In this talk Kristen will describe the benefit of implemented grammars as well as the challenges involved in creating them. She presents an inference system that can be used to automatically generate such grammars on the basis of interlinear glossed text (IGT) corpra. The inference system, called BASIL -- Building Analyses from Syntactic Inference in Local Languages, leverages typologically informed heuristics to infer syntactic and morphological information from linguistic corpora to select analyses that model the language. She will engage with the question of whether and to what extent typological features are apparent in IGT data and how effectively grammars generated with these features can model human language.

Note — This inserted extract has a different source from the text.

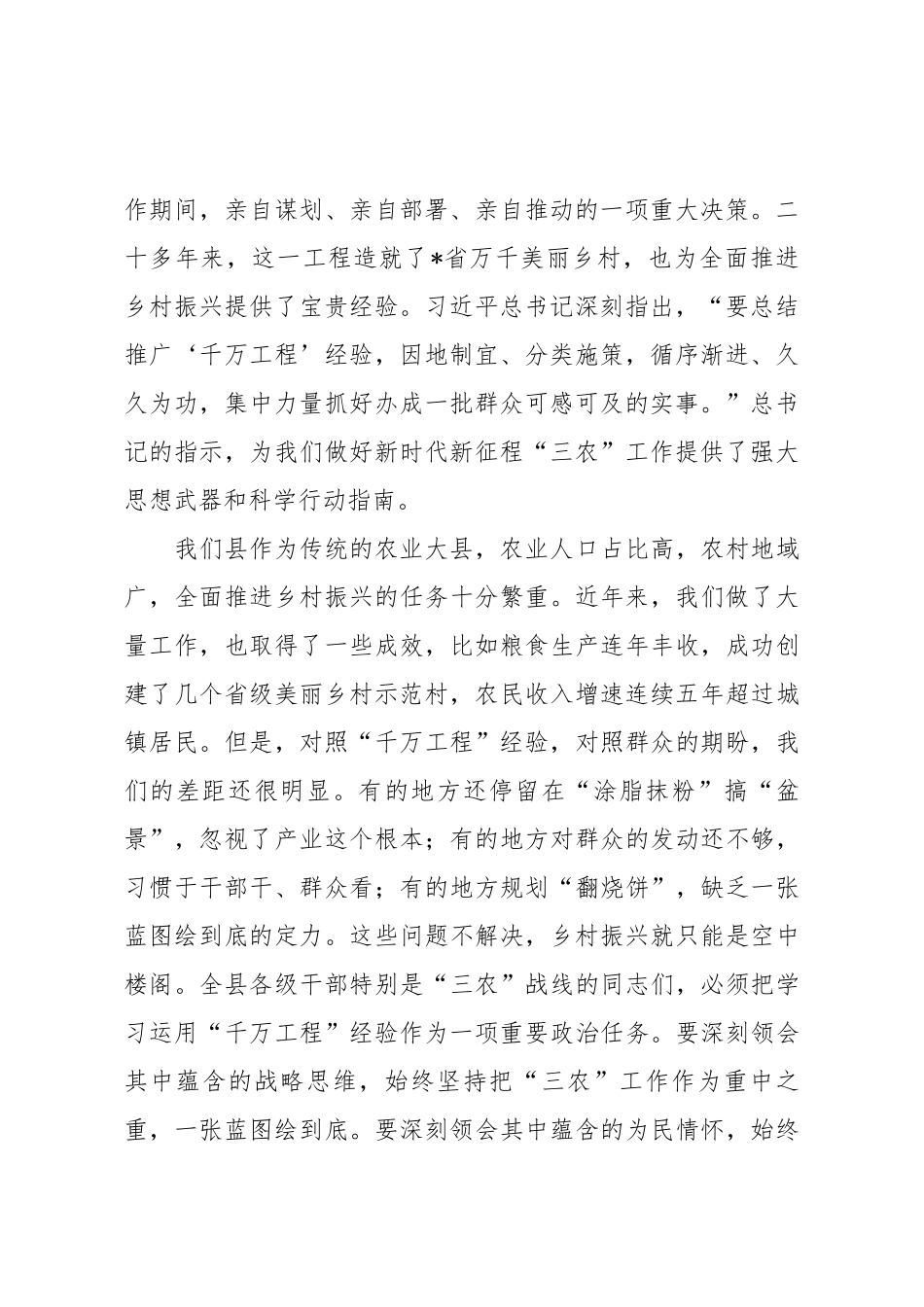 在2025年全县推进乡村全面振兴暨学习运用“千万工程”经验现场会上的讲话.docx_第2页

✻ Multilingual Representations (Long Talks) ✻
By Andrea Gregor De Varda and Roberto Zamparelli
The present work constitutes an attempt to investigate the relational structures learnt by mBERT, a multilingual transformer-based network, with respect to different cross-linguistic regularities proposed in the fields of theoretical and quantitative linguistics. We pursued this objective by relying on a zero-shot transfer experiment, evaluating the model's ability to generalize its native task to artificial languages that could either respect or violate some proposed language universal, and comparing its performance to the output of BERT, a monolingual model with an identical configuration. We created four artificial corpora through a Probabilistic Context-Free Grammar by manipulating the distribution of tokens and the structure of their dependency relations. We showed that while both models were favoured by a Zipfian distribution of the tokens and by the presence of head-dependency type structures, the multilingual transformer network exhibited a stronger reliance on hierarchical cues compared to its monolingual counterpart.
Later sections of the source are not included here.